Protagonizado por John Travolta, o filme “Mad City” conta uma história que mostra o poder de manipulação da mídia para favorecer os interesses de terceiros e aumentar seus índices  de audiência. No Brasil, o filme ganhou o título de “O Quarto Poder” que é “uma expressão criada para qualificar, de modo livre, o poder das mídias ou do jornalismo em alusão aos outros três poderes típicos do Estado democrático (Legislativo, Executivo e Judiciário). “

No caso de Sánchez e Chávez a situação não é nada diferente. As grandes agências de notícias americanas e as brasileiras, especialmente, a Rede Globo e Revista Veja fazem parte do clube da mídia que defende interesses do capital.  No caso Yoani, a revista Veja, famosa nos últimos anos pela total falta de imparcialidade e opção pela  extrema direita dedicou mais uma matéria de capa (A Blogueira que Assusta a Tirania). Na matéria a revista evita mencionar que Yoani é graduada em Filologia e tem experiência prática em jornalismo, o que justificariam  o poder de retórica da cubana, e preferem apresentá-la tão somente como uma pobre moça frágil física e intelectualmente percebida como ameaça pelo governo castrista:  

“Sua simplicidade assusta os adeptos das tiranias. Moça perigosa essa!
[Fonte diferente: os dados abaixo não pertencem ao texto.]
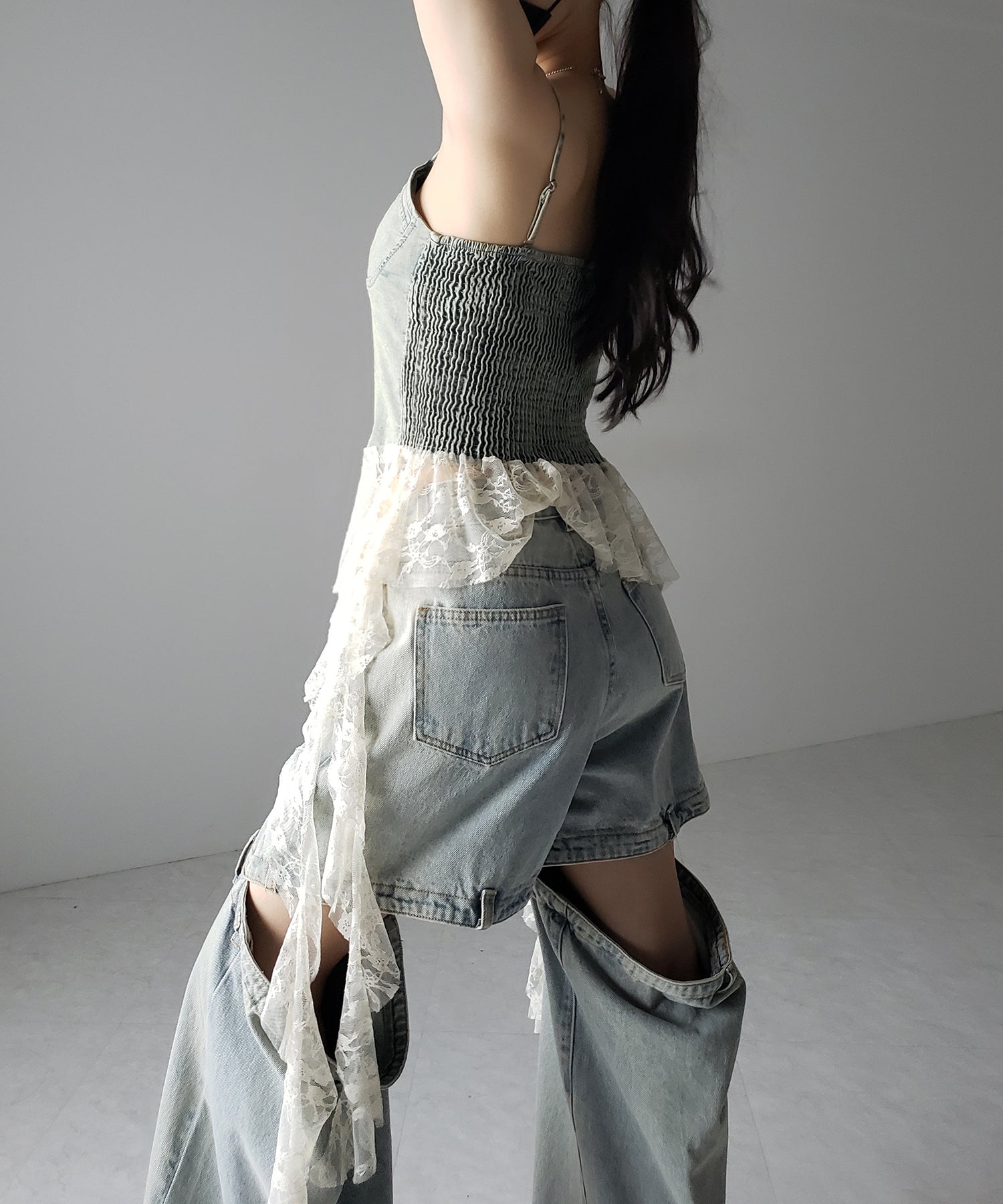 【 ２color 】ヴィンテージライクレースフリルデニムビスチェ ／ vintage like lace frill denim bustier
Perigosíssima, a blogueira de prosa mais simples do que encantatória assusta a ditadura cubana e seus seguidores no Brasil simplesmente por expor na Internet os fatos básicos da vida infernal da população que deveria estar vivendo no paraíso comunista no planeta.

Yoani Sánchez, uma mulher de 37 anos que pesa 55 quilos e não mede mais que 1,62, já foi sequestrada, torturada  e acusada de praticar a variante mais grave dos crimes punidos pela ditadura cubana: defender a liberdade. Com um computador velho e ajuda de voluntários que recebem seus textos por e-mail e os publicam traduzidos para vinte idiomas, Yoani Sánchez rompeu os controles e virou inimiga do regime.”
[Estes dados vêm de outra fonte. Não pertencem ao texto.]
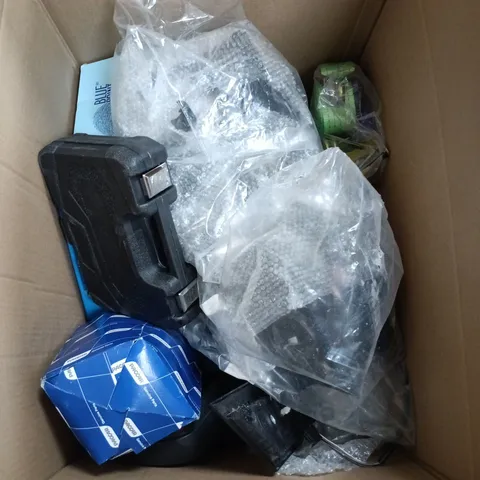 BOX OF ASSORTED CAR ITEMS TO INCLUDE TOOLS - AIR FILTER - RATCHET STRAP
Impregnada do indisfarçável viés ideológico que tem sido a tônica da sua linha editorial, a revista,  apresenta uma matéria jornalística que é mais um cordel da luta do bem contra o mal, onde o mocinho está à direita e o bandido está à esquerda, no sentido em que se entende e se concebe as duas principais visões políticas.     

A Revolução Cubana comandada por Fidel Castro, em 1959, teve o mérito de sacar do poder o governo entreguista do ditador Fulgêncio Batista e libertar Cuba da exploração perpetrada pelos EUA por meio das suas empresas instaladas na ilha. O governo implantado a partir da chamada Revolução da Sierra Maestra desagradou, de início, os interesses capitalistas americanos. Posteriormente, a aproximação de Cuba com os países do bloco socialista, inicialmente criando laços comerciais e, em seguida, políticos,  incomodaram ainda mais o Tio Sam. A fracassada Invasão da Baía dos Porcos, em 1961, demonstrou até que ponto os americanos estavam dispostos a intervir em Cuba para retomar o controle.  Na sequencia histórica  a Crise dos Mísseis foi outro momento delicado, já em plena Guerra Fria, que acirrou os ânimos e deixou claro que o objetivo imperialista dos americanos significava que a frase “A América para os Americanos” , que resumia a Doutrina Monroe havia se tornado “As Américas para os EUA”.   Portanto, aos EUA e às corporações americanas, Yoani Sánchez é útil, não sabemos se voluntária ou involutariamente.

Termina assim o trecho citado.